PHOTOS: Warm Welcome to OBJ in Port Harcourt, as His Two-Day Visit to Rivers Starts

Ex- President Olusegun Obasanjo received a rousing welcome on February 17, 2014, Monday, when he landed at Port Harcourt International Airport, Omagwa, Rivers State.


He arrived at about 11.05 a.m. in a private jet for a two-day visit. As previously reported, its main aim is to commission some projects executed by the Governor of Rivers State, Chibuike Rotimi Amaechi, and his administration.

Governor Amaechi, his wife Judith, Senators and members of the state executive council welcomed OBJ personally.

Shortly, after the airport formalities were over, Obasanjo drove in a convoy with the Governor.
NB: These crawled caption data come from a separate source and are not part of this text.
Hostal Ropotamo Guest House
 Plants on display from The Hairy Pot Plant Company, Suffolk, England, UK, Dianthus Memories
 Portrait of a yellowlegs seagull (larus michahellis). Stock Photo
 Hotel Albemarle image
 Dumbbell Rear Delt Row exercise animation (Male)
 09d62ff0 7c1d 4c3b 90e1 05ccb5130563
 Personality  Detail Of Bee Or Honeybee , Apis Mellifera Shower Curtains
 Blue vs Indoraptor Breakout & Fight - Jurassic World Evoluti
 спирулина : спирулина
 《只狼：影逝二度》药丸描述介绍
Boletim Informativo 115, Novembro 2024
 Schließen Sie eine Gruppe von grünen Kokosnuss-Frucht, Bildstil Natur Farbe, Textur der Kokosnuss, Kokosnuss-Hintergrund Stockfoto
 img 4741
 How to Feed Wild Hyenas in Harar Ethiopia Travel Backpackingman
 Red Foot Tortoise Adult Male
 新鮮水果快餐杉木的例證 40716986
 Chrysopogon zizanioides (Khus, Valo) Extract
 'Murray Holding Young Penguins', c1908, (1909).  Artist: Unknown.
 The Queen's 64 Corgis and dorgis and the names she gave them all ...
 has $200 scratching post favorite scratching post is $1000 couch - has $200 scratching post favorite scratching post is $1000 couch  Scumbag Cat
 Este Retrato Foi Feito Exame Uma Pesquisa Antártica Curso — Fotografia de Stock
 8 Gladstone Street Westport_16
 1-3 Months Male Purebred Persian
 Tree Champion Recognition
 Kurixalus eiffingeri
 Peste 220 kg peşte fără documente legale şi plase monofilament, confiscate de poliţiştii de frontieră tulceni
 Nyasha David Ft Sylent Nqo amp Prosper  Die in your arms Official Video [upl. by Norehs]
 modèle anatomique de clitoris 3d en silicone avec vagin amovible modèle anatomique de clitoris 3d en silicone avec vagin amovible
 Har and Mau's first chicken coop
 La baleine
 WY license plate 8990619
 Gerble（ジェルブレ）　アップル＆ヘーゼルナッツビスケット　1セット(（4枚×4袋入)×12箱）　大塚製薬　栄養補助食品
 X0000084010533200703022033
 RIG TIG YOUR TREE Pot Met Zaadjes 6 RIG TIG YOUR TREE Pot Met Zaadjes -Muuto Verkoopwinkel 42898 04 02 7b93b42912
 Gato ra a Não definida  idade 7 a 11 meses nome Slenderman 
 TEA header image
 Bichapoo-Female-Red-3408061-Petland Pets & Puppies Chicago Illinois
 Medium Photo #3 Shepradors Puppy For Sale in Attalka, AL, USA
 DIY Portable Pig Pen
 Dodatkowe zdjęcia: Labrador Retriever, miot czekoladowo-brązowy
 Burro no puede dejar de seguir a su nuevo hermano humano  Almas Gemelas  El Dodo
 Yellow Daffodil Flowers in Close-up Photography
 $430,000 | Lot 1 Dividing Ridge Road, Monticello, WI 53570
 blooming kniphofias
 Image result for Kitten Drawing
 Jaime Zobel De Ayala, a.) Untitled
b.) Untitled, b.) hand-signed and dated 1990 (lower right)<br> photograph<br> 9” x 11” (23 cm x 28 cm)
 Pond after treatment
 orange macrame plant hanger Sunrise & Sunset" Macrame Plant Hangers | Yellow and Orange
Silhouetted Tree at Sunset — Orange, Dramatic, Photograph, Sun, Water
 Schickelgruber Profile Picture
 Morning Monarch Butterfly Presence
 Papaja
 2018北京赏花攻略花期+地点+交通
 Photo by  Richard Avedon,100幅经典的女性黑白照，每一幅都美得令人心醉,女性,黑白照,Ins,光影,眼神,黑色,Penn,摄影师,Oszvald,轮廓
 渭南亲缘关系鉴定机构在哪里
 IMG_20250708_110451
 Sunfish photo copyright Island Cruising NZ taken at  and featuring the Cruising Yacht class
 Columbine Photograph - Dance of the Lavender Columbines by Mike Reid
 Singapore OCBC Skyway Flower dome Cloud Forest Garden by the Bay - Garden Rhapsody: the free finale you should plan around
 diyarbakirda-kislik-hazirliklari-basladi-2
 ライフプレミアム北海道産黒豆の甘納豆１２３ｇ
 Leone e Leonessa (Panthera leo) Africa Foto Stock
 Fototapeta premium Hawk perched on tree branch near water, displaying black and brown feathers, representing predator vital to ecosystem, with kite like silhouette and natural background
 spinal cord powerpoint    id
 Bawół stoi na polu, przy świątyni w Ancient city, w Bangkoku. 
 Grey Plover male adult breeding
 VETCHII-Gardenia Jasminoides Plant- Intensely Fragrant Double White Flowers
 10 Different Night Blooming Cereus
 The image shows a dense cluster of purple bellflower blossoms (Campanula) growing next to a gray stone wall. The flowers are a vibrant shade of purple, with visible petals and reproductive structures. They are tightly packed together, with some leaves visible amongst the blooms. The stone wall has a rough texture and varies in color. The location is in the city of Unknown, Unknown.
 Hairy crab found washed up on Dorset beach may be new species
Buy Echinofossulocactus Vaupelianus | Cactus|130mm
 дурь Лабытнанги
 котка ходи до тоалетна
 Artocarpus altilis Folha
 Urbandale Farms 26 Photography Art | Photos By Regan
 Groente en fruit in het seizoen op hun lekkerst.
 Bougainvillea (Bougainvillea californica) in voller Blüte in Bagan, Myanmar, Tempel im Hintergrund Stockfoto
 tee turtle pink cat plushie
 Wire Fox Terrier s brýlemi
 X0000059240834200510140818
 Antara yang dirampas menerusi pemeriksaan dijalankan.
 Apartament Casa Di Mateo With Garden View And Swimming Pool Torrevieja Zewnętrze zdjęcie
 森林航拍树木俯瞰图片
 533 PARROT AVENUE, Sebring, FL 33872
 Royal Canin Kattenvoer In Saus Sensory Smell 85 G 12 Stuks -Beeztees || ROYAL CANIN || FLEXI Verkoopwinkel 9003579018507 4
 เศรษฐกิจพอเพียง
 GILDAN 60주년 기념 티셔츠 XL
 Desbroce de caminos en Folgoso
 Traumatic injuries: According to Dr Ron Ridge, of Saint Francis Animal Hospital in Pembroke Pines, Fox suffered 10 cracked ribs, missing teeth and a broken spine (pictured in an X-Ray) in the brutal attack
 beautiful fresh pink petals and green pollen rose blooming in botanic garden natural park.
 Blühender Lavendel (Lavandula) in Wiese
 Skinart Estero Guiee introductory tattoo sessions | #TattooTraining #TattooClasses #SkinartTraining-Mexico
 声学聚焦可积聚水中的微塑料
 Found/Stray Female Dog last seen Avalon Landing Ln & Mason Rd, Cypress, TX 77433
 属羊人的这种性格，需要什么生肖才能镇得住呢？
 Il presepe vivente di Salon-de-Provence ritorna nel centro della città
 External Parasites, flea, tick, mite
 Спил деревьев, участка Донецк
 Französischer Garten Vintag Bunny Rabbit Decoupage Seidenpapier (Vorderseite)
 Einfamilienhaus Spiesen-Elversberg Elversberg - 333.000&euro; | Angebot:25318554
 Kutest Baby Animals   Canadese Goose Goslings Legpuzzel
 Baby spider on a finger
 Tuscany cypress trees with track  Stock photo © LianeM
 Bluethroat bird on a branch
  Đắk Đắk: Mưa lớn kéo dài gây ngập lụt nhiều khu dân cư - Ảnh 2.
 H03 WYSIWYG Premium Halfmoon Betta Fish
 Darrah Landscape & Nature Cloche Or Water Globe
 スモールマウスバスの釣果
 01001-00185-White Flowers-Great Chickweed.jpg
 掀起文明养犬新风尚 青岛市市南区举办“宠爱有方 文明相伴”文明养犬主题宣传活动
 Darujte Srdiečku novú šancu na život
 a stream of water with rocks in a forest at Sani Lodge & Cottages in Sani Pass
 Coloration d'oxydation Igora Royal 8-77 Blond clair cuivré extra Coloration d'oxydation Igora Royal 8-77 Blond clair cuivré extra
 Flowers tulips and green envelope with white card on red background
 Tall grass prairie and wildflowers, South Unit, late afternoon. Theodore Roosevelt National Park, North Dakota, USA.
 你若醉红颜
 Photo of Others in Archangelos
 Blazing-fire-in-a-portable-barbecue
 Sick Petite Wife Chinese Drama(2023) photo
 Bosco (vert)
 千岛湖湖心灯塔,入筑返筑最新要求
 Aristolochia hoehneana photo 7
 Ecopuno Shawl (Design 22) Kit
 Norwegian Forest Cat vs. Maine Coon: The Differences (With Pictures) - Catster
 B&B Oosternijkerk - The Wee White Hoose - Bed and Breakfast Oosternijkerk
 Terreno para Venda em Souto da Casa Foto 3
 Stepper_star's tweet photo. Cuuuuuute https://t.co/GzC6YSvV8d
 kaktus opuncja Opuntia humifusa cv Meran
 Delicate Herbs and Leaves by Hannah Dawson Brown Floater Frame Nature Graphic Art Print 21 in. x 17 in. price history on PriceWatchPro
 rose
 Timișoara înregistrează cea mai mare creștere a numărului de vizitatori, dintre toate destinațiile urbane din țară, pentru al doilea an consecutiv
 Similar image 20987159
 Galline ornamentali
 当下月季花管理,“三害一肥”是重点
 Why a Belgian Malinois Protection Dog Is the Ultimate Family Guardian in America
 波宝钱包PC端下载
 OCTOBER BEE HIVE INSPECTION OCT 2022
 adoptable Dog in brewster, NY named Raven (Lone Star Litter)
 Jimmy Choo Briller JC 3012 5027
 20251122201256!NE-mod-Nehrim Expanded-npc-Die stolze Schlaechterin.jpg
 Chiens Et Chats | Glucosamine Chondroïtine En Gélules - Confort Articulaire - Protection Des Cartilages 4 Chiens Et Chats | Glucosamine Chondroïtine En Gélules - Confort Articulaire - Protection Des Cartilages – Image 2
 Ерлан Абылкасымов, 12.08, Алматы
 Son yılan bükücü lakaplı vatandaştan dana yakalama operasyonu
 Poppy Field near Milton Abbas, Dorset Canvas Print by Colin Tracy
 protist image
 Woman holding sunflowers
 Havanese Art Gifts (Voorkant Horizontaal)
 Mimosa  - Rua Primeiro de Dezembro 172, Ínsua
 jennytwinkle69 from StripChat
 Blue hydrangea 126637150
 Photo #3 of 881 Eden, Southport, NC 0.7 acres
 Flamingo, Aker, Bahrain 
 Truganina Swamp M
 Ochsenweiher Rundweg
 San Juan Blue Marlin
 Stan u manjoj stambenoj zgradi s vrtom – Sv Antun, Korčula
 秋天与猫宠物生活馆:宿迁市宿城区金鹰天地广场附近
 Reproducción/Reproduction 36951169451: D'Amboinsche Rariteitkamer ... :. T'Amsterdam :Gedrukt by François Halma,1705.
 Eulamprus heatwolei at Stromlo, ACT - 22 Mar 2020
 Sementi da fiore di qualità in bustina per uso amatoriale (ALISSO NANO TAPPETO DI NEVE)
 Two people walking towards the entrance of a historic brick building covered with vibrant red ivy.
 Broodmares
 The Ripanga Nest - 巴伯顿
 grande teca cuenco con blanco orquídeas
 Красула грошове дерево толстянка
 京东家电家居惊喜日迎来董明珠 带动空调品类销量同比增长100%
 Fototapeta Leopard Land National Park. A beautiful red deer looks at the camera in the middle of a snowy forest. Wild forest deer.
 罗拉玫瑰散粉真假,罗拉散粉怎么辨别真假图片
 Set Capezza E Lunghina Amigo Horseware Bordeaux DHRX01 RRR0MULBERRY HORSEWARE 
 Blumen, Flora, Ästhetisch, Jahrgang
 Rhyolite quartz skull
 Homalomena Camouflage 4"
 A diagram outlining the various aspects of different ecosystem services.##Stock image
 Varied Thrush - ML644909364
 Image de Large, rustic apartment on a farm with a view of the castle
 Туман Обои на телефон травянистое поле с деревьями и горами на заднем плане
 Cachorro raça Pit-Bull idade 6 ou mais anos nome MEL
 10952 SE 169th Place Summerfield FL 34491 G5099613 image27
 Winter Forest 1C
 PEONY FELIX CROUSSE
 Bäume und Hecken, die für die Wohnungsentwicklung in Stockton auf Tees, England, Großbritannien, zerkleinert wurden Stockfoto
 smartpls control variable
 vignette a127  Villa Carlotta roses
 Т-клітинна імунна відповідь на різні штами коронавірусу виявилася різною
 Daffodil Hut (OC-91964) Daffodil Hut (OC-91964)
Members of the various communities, where Obasanjo would commission projects, lined up the routes of the convoy, causing heavy vehicular traffic.

Serious traffic jam was also nourished by tight security measures, as armed forces personnel and the police were deployed all over.

The first road project Obasanjo commissioned was Chief G.U.Ake road,(Airforce Link road).

In addition to the Airforce bridge is the Eliozu bridge. The road is very vital because it eases traffic from Airforce base, Port Harcourt Aba Expressway and the late Ken Saro-Wiwa road to Rukpokwu, Rumuokoro, East-West road and Airport road.

Other projects to be commissioned include the popular Songhai Integrated Farm at Bunu-Tai, Ogoniland; Afam Power Station in Afam; Buguma Fish Farm and about 300 primary and secondary schools and health centres.


It would be noted that Obasanjo was invited to commission the projects because during the Port Harcourt centenary celebration President Goodluck Jonathan was invited but he has never shown up.

Instead, President Jonathan sent one of his Special Advisers, Oronto Dauglas, not even a member of his cabinet, to represent him.

Former Head of State General Yakubu Gowon (retd) expressed regrets that Jonathan did not honour the invitation because he would have used the opportunity to broker peace between him and Amaechi.